David Horspool

A lively, rebellious boy

An interesting if not wholly convincing biography, but a great contribution to our understanding of the Middle Ages, says David Horspool

A lively, rebellious boy
Text settings
Comments

Henry the Young King, 1155–1183

Matthew Strickland

Yale University Press, pp. 496, £

It is one of the great set-pieces of high drama in English history. The king, shamed by his part in the murder of his one-time friend turned implacable enemy, the Archbishop of Canterbury, agrees to come as a penitent to the holy site of the archbishop’s death to seek forgiveness and, in a conspicuously unkingly gesture, to prostrate himself at the martyr’s tomb. By the time he does so, the innocent blood spilled in the cathedral has begun to attract pilgrims from all over Europe, drawn by the miracles performed at the place where royal anger unleashed such unprecedented violence. In the words of Matthew Strickland, the king showed himself to be ‘overcome with feelings of guilt and remorse’.

The Archbishop, of course, is Thomas Becket, murdered in Canterbury Cathedral by four knights acting on what they interpreted as the wishes of Henry II. But the first royal visitor to lie before the tomb, and to ‘humbly beg pardon for the injuries’ Thomas suffered, was not Henry II himself but his son, Henry ‘the Young King’, who by the time of his journey to Canterbury in 1172 had been anointed, crowned and established as ‘associate ruler’ for two years, in a ceremony every bit as lavish and filled with ritual significance as his father’s coronation.

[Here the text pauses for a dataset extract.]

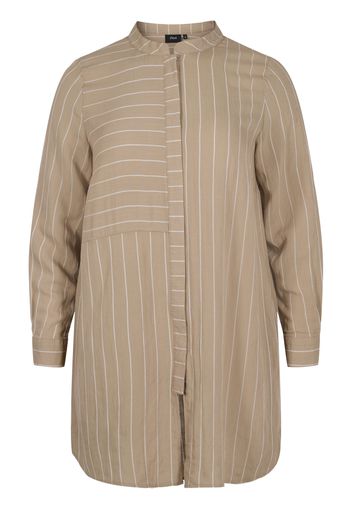 Zizzi Camicia da donna  bianco / beige chiaro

Though only 17 years old when he made the pilgrimage to Canterbury, his most significant intervention on the political stage so far, Henry the Young King had been entrusted with more than a measure of authority by his father, as Strickland shows in this scrupulous and vivid life. He had been appointed regent during his father’s absence in Normandy, with nominal power to exercise ‘all rights and justices’, even if in practice the old King also left more experienced heads behind to govern policy.

The idea of crowning your heir was not a new one, though it had no precedent in post-Conquest England, and only one confirmed instance from the Anglo-Saxon period. It was, however, as Strickland sets out, a recognised custom both in Scotland and on the Continent — and Henry II was a continental magnate before he was an English king. The roots of Henry’s desire to associate his son with direct rule before inheritance are not hard to find. They lay with his own troubled path to the throne, via his mother Matilda, the daughter of Henry I who, despite her father’s attempt to bind the Anglo-Norman barons to her during his lifetime, had been swiftly passed over in favour of a cousin, Stephen of Blois. That usurpation, as Matilda and her followers viewed it, had led to a long and bitter civil war that only ended when Stephen’s own eldest son Eustace (whom he had tried and failed to have crowned) predeceased his father.

Henry the Young King also died early, aged 28 in 1183, and when he has figured in previous modern accounts of Henry II’s reign, it is as a not very impressive or a particularly likeable personality. W.L. Warren, the doyen of Henry II biographers, is quoted by Strickland describing the Young King’s combination of charm, popularity and ‘gross irresponsibility’, forgiven by his supporters as the ‘mischievousness of a lively boy’ — though in a world where titled young men were expected to grow up quickly, young Henry had more than a decade to cast off that description.

Young Henry has attracted the criticism of his contemporaries and their successors down the years because, if he is remembered at all, it is for disloyalty on a grand scale. In 1173, not long after that journey to Canterbury, Henry led a grand alliance of disaffected barons, along with two of Henry II’s other sons, Geoffrey and Richard, and linking up with the French king Louis VII, against his father. They attacked Henry II’s empire from all sides, most aggressively in Normandy and the English Midlands, while another ally, the Scots king William the Lion, assaulted Northumberland.

A weaker man than Henry II might have been overcome by the combination of threats and the shock of his own family (including, most likely, his wife Eleanor of Aquitaine) turning so spectacularly against him. But Henry met each outbreak with speed and decisiveness, relying on those who stayed loyal to extinguish the menaces one by one. He even managed to re-establish relations with his son, though for the rest of the Young King’s life (one devoted, as Strickland narrates, to alternating passions of the tournament and attempting to gain some real authority — the root cause of his initial rebellion), there would be a measure of mistrust.

Strickland’s book is a marvellous act of recovery of a mostly forgotten life, and a re-creation of a world veering between elaborate chivalry and uncompromising realpolitik. If he never quite succeeds in convincing us that his subject is much more a solider-citizen than he has previously seemed to be, he goes one better by contributing to the never-ending quest of the medieval historian to enrich our understanding of the Middle Ages, and to banish once and for all the notion that this was a time any less sophisticated, cultured — or more mindlessly violent — than our own.